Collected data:
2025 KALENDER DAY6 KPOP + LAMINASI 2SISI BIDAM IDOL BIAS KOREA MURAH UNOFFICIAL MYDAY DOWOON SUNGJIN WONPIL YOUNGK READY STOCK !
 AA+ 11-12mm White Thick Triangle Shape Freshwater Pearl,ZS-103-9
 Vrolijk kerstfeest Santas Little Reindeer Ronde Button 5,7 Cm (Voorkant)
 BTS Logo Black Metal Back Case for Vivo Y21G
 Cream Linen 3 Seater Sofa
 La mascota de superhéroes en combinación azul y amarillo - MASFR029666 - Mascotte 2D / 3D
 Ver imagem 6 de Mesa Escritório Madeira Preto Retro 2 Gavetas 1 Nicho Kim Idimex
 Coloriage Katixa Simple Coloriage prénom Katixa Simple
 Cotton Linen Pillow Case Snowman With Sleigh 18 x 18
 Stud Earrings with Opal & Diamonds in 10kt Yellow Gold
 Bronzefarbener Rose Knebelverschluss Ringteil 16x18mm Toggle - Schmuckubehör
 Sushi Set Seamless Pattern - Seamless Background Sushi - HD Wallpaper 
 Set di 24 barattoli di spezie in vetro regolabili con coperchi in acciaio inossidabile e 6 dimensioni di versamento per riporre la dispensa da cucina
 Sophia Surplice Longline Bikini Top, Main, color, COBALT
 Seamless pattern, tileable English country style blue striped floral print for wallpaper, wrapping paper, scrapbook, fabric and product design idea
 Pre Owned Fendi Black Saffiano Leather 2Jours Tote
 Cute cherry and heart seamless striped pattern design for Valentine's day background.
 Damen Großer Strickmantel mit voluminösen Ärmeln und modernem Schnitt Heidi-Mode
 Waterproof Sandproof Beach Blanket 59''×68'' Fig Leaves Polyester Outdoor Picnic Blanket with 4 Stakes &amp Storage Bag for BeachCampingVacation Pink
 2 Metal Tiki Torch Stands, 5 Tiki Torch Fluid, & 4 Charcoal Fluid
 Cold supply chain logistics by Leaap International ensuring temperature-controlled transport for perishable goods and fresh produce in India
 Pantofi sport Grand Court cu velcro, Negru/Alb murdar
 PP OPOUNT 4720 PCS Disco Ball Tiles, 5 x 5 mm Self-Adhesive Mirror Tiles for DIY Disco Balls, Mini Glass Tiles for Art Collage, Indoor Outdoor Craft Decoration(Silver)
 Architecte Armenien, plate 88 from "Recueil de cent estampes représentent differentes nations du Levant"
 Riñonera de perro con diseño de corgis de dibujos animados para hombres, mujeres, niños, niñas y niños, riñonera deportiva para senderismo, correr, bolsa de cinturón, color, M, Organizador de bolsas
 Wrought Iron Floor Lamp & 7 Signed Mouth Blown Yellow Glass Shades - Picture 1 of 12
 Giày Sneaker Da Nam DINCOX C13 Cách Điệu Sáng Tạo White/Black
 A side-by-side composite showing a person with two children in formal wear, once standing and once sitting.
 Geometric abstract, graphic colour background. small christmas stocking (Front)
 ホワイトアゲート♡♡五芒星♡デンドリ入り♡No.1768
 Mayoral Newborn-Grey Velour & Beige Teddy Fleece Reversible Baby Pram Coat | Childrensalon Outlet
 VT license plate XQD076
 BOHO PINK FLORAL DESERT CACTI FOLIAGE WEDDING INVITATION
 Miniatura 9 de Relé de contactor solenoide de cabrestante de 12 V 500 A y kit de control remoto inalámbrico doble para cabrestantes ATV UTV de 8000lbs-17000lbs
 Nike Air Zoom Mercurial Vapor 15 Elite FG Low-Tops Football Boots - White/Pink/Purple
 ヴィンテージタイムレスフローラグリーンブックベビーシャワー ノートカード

EXERCISE: Spot every line in the entries that includes the word "Glass", and copy each one out.

EXPECTED OUTPUT:
 PP OPOUNT 4720 PCS Disco Ball Tiles, 5 x 5 mm Self-Adhesive Mirror Tiles for DIY Disco Balls, Mini Glass Tiles for Art Collage, Indoor Outdoor Craft Decoration(Silver)
 Wrought Iron Floor Lamp & 7 Signed Mouth Blown Yellow Glass Shades - Picture 1 of 12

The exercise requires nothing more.